Mais il connaît aussi son cheval de bataille : ses statistiques. « Je pense qu’au niveau des passes décisives, ça va. Je fais du bon travail dans ce domaine, car ça ne dépend pas toujours de moi. Mais pour les buts… », reconnaît-il. Avant de pointer les axes d’amélioration : « Je dois être davantage dans les zones où tu peux marquer facilement, des buts faciles, des reprises à bout portant. Quand je regarde mes buts, même cette saison, c’est souvent après un dribble, quand je fais tout moi-même.

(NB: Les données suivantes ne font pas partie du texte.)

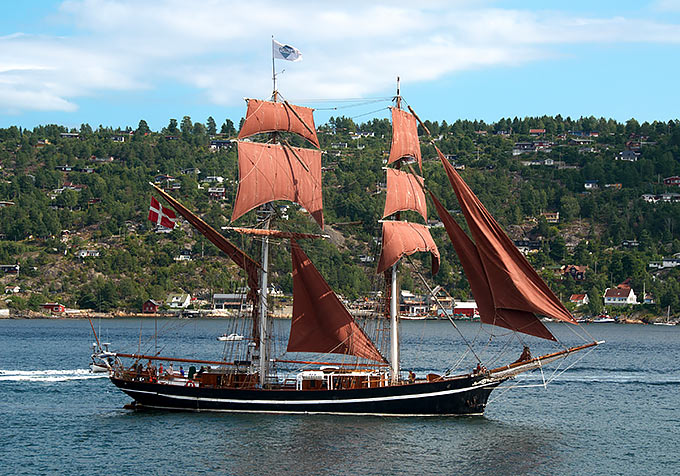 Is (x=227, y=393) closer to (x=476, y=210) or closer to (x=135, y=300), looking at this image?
(x=476, y=210)

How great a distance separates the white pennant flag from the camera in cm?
5850

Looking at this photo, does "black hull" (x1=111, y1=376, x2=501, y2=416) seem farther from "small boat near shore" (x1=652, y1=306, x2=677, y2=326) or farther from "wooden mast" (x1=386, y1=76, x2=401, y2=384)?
"small boat near shore" (x1=652, y1=306, x2=677, y2=326)

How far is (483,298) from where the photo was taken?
5262 cm

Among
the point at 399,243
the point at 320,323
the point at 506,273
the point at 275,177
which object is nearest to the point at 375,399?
the point at 320,323

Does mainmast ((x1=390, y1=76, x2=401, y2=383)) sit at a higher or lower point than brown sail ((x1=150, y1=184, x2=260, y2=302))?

Mais je veux aussi marquer, je ne sais pas, même cinq buts faciles dans une saison, ça change beaucoup de choses. »
Son ambition
Au bout de sa troisième saison en Angleterre, Jérémy Doku estime qu’il peut encore aller plus haut et devenir l’un des meilleurs ailiers de la planète. « C’est ma responsabilité d’être constant et d’être toujours imprenable. C’est ce que je veux devenir. »
Actuellement, il a l’impression de ne pas encore faire partie des tout meilleurs à son poste. « Il faudrait demander aux défenseurs ce qu’ils en pensent. Mais je suis sûr qu’ils diraient autre chose si je marquais plus de buts. Si j’ajoute les buts, je pense pouvoir atteindre cet objectif, à 100 %. »
Au moins, Jérémy Doku sait ce qu’il lui reste à faire.